The Home Secretary, the last of ten MPs to set out their stall in the race for the top job, cast himself as the “change candidate” as he underlined his working-class roots.
The Bromsgrove MP, who would be the UK’s first PM from a BAME background, pulled no punches when asked about his rival and favourite for the job, Johnson, who has faced accusations of Islamophobia.
When asked what separated them, Javid said: “I would say I’m a change candidate - Boris Johnson is yesterday’s news.
“He’s been around in politics for a while, he’s achieved a lot, he’s still got a big role to play.
“But I think if we’re trying to connect with the next generation and move forward as a country then I think it’s time for the next generation with a bold new agenda.”
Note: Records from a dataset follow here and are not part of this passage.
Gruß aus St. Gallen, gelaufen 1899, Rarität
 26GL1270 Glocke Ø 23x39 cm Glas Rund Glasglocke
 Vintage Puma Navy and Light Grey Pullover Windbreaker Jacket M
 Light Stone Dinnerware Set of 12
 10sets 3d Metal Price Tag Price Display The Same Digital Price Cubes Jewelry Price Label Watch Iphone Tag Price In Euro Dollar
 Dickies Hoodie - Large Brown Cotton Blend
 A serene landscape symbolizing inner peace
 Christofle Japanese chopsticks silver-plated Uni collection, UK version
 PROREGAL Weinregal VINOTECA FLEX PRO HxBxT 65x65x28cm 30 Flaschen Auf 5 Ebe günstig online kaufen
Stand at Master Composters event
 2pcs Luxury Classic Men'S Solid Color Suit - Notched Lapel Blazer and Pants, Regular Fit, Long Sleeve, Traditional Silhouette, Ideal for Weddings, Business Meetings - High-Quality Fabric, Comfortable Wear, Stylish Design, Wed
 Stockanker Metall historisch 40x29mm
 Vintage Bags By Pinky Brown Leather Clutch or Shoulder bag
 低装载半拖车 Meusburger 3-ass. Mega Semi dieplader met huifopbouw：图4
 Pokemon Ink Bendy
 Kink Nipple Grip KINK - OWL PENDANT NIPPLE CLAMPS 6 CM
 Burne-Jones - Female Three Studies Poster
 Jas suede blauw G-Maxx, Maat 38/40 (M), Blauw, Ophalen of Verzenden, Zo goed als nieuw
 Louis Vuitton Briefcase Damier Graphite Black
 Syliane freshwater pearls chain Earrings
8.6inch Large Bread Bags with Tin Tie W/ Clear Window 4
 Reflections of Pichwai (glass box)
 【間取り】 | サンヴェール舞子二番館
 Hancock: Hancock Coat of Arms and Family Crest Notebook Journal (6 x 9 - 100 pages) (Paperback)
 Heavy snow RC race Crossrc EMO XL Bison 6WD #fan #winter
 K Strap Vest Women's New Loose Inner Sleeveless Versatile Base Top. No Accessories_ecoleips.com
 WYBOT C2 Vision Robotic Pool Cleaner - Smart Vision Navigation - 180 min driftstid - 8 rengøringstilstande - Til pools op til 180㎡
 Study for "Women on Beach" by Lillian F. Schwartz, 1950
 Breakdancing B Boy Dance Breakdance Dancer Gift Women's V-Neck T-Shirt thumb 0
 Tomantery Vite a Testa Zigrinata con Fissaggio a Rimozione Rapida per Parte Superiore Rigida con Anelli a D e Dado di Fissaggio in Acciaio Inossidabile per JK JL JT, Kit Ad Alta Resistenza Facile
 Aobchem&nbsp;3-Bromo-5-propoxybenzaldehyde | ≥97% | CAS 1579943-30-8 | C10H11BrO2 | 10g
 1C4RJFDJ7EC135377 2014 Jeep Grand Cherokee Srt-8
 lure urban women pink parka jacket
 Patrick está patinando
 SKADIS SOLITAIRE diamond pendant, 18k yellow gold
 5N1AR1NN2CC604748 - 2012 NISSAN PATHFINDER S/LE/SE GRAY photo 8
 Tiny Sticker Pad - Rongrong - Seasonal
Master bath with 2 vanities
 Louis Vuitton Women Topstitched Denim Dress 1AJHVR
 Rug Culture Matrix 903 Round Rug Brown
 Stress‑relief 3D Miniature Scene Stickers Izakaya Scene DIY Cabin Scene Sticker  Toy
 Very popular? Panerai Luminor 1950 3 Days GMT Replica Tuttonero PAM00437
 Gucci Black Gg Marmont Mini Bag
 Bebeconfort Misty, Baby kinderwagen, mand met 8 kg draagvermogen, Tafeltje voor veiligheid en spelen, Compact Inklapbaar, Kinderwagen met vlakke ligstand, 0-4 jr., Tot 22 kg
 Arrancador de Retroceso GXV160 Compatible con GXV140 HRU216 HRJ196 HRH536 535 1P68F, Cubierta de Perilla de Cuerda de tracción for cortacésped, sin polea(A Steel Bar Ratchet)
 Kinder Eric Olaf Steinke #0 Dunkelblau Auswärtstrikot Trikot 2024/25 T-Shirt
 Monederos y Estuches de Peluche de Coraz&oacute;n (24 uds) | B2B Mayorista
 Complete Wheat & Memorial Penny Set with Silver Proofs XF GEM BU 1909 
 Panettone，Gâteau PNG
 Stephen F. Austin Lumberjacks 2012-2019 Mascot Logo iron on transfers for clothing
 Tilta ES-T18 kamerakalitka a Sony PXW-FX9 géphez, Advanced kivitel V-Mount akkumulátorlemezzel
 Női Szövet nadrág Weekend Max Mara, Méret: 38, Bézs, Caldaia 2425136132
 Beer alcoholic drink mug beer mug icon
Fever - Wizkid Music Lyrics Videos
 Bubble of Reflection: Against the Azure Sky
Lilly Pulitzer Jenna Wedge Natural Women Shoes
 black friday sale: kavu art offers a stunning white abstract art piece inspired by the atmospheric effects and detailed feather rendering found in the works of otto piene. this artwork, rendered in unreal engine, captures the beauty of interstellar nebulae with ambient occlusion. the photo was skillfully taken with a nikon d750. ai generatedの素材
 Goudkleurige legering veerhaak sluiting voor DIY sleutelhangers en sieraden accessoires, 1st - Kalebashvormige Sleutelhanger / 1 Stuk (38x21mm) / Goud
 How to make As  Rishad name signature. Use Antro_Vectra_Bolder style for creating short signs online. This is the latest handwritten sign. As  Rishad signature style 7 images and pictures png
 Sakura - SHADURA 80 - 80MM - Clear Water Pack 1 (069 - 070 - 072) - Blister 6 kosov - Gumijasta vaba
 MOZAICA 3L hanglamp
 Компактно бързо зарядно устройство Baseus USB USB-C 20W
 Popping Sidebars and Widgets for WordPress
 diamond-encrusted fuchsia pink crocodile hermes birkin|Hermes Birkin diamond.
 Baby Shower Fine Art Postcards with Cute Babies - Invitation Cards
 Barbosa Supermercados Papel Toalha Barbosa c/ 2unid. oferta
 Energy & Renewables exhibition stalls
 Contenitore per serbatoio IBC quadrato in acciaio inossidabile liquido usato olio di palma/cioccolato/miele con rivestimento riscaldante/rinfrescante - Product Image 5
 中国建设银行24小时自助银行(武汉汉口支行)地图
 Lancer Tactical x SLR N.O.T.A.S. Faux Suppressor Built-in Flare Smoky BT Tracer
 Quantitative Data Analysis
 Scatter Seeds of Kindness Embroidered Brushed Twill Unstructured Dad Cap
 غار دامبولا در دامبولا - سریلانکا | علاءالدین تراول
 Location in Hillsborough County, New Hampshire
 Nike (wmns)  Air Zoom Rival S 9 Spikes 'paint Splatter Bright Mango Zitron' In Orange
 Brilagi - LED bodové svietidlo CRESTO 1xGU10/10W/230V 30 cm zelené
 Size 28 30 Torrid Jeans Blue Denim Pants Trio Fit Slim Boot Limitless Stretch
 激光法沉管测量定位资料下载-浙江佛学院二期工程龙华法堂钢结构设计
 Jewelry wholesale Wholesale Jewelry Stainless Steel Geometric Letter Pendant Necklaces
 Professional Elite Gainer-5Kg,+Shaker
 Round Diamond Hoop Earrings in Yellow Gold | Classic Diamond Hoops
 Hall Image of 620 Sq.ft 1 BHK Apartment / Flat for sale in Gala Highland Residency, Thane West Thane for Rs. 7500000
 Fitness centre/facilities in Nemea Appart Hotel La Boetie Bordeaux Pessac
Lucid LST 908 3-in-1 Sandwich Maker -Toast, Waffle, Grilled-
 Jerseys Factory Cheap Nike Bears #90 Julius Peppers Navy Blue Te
Javid, who was introduced by Ruth Davidson - the Scottish Tory leader who has revived the party’s fortunes north of the border - urged Conservatives not to “risk” picking “the short-term, comfort zone choice” as he outlined a “beyond Brexit” vision to boost growth outside London.
“I believe now more than ever that at this moment as we face the challenges that are unlike any that we have faced before, this calls for a new kind of leadership and a new kind of leader,” he said.
“A leader is not just for Christmas, or just for Brexit.”
Acknowledging he was not a frontrunner - Jeremy Hunt, Michael Gove and Dominic Raab all have more MP backers - Javid outlined a number of occasions when he felt like an “outsider”.
He said: “When I was at secondary school, the other kids told me about their summer holidays. I only ever went to Rochdale on holiday, so I pretended to go on holiday and they couldn’t tell whether this was a tan or not.
“I was told kids like me should know their limits, and kids like me should stay in their lane.
“So when I got racially abused in school by the toughest guy in school, well, rightly or wrongly, I punched him.”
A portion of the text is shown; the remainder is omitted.